§ **What to produce**
Leave every picture out, and print the full listing again exactly.

§ **Data segment**
*** Begin section ***

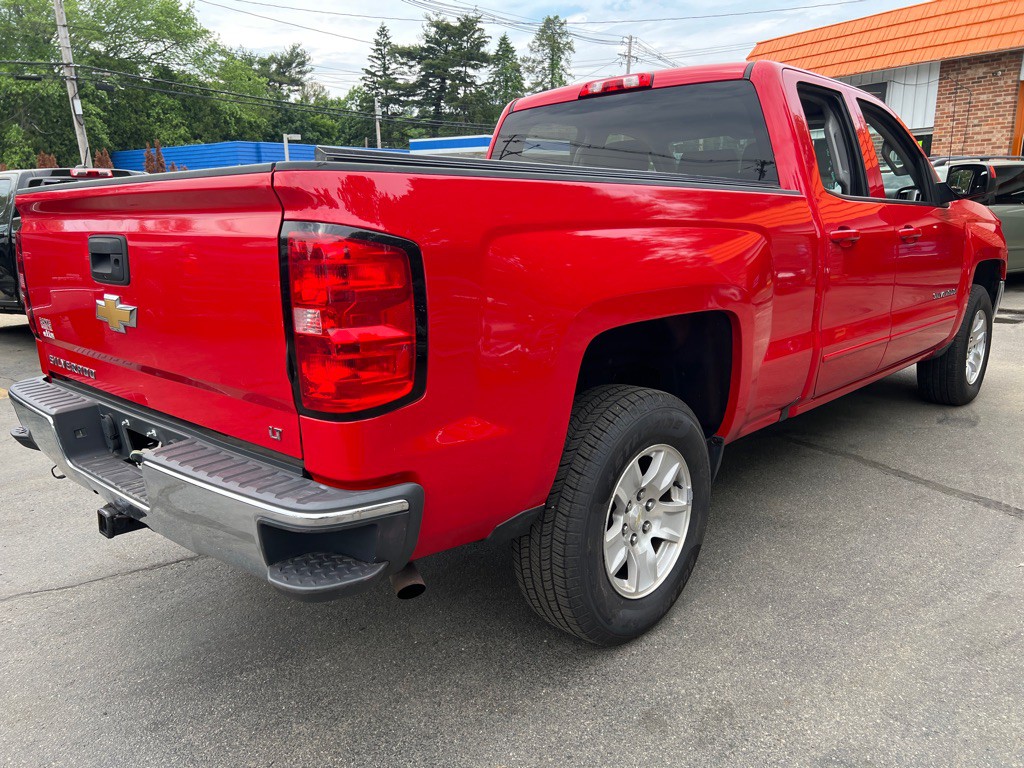 2016 Chevrolet Silverado 1500 Image 7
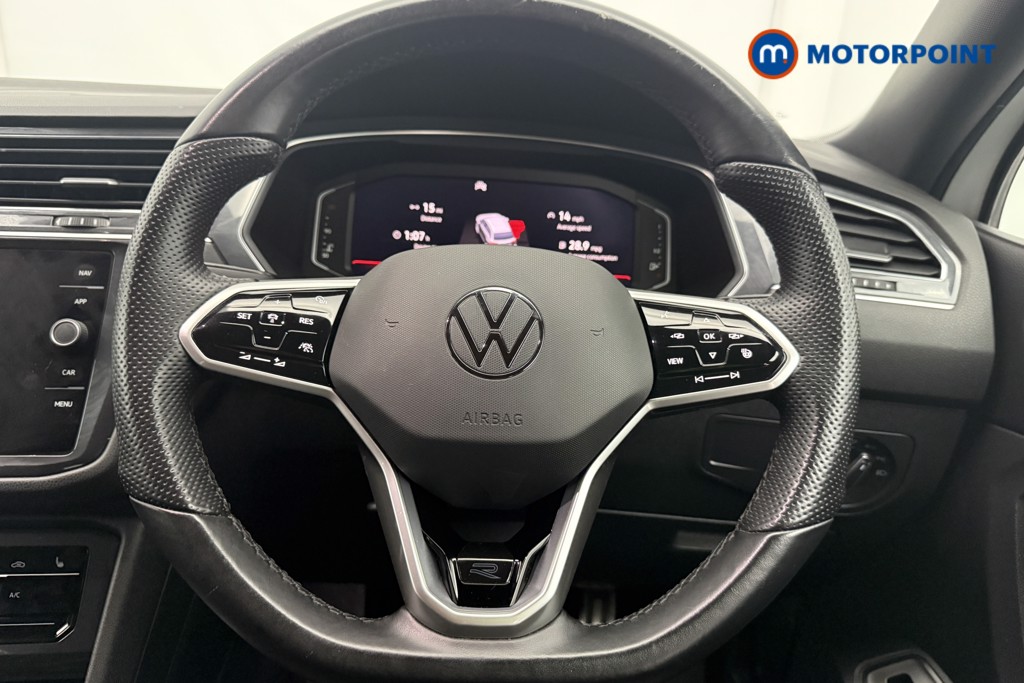Volkswagen Tiguan Allspace Elegance Automatic Petrol SUV - Stock Number (1586947) - 5th supplementary image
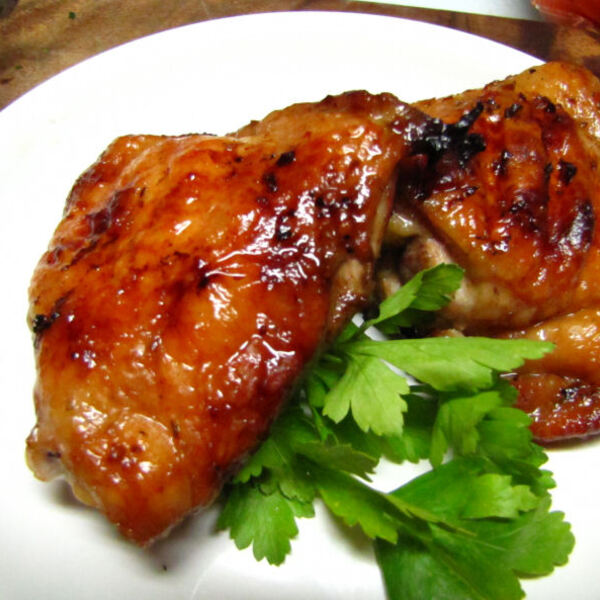 My Favorite Grilled Chicken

*** End section ***

§ **Answer for the task**
 2016 Chevrolet Silverado 1500 Image 7
Volkswagen Tiguan Allspace Elegance Automatic Petrol SUV - Stock Number (1586947) - 5th supplementary image
 My Favorite Grilled Chicken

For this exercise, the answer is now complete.